## INSTRUCTIONS FOR THE TASK
The entries below contain a line with "Brinco argola oval" and a line with "Disney Frozen 6". Quote exactly those two lines and all lines between them.

## RECORD EXCERPTS
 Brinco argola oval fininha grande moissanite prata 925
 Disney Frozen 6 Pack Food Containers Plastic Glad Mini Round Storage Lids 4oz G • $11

* * *

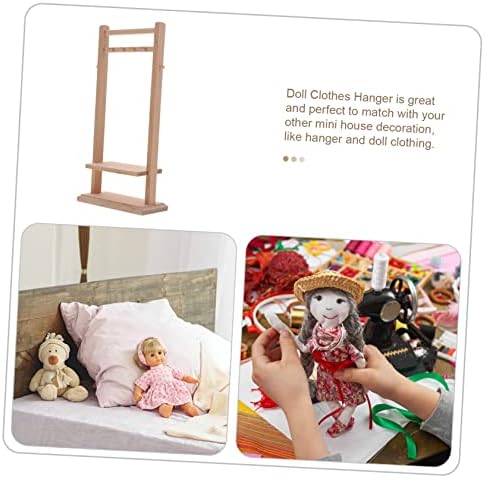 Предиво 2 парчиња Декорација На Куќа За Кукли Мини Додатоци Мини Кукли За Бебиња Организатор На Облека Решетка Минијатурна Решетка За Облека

* * *

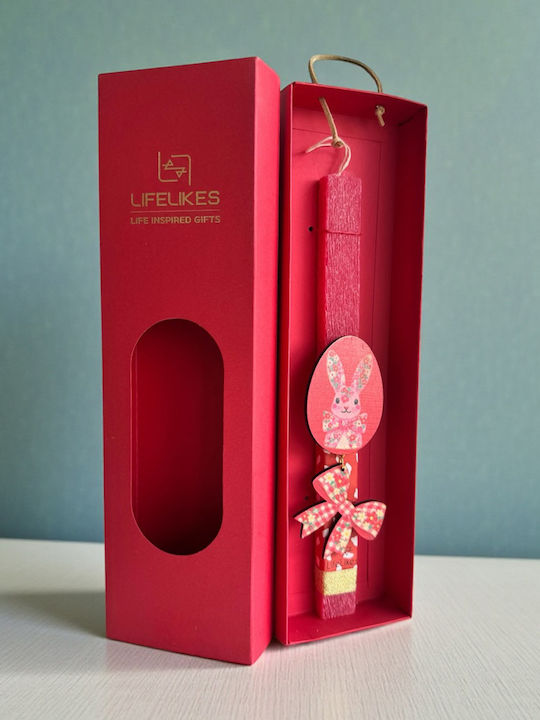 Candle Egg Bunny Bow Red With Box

## RESULT
 Brinco argola oval fininha grande moissanite prata 925
 Disney Frozen 6 Pack Food Containers Plastic Glad Mini Round Storage Lids 4oz G • $11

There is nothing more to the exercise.